The last time Dick Maxfield toured what is now the JBS Beef Plant in Greeley, John F. Kennedy was president, the world’s population was less than half of what it is now and the Civil Rights Act had yet to be signed into law.
While a few things have changed on the outside world since the early 1960s, so too have operations inside the local beef-processing plant.
“It’s really become an incredible facility,” Maxfield said Friday, pointing out that the plant — which has changed ownership multiple times in the last 50 years — has grown greatly in size, and the technology, efficiency, food-safety measures and number of cattle processed at the plant is quite different compared to the last time he was inside. “The plant is such a huge part of life here in Greeley ... so it was great that (JBS) shared this with us.”
Maxfield was one of more than 50 residents who took part in the Greeley Chamber of Commerce Annual Ag Tour and got a rare look inside the massive 8th Avenue operation, which stands as one of the largest beef plants in the world. The plant processes more than 5,000 cattle daily, employs thousands of local residents and for decades has had a huge economic impact on the region.
For many long-time Weld County residents, Friday marked their first time to go inside operations at the facility, where they witnessed how the carcasses are dismantled.
“It’s so efficient ... nothing wasted,” said Mike Freeman, the owner of J-9 Crop Insurance in Ault, who said he’s toured other packing plants in the area, but had never seen the inside of JBS’s large-scale operation. “It was very interesting to see.”
Tony Miller, senior vice president at First Farm Bank in Greeley and member of the Chamber of Commerce Agriculture Committee, said allowing local residents to see first-hand the operations that make Weld County a world leader in ag production is the purpose of the Chamber’s annual ag tours.
Much of the tour focused on food safety.
In addition to the JBS Beef Plant, tour stops included Aurora Organic Dairy’s plant near Platteville, where about 100,000 gallons of milk are processed daily, and Hungenberg Produce north of Greeley, which is one of the largest producers of carrots in the nation.

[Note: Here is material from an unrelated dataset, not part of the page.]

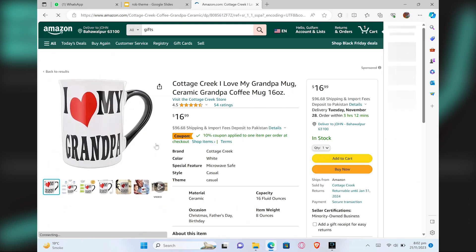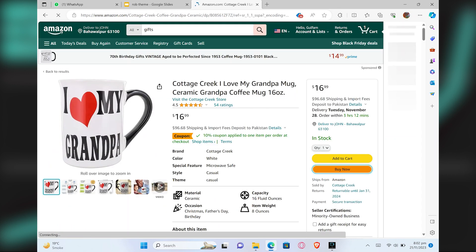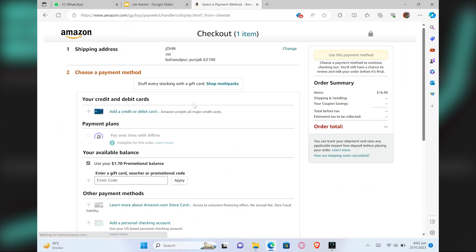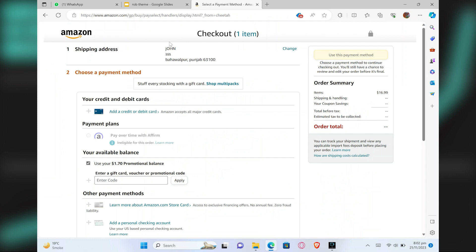Select the product and click on the Buy Now button. Add your shipping address and click on apply coupons.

The tour also included presentations from Dale Woerner, an assistant professor of animal science at Colorado State University; Dawn Thilmany, agriculture economist with CSU; Lori Trahan, food safety director with Fagerberg Produce near Eaton, Bill Hammerich with the Colorado Livestock Association and Cindy Haren with Western Dairy Association.
“We really want to educate the general public on the fantastic leaders in production and food safety that we have right here in our area,” Miller said. “Big credit to JBS, as well as the other facilities we visited today, for doing things the right way, and not being afraid to show it to the public.”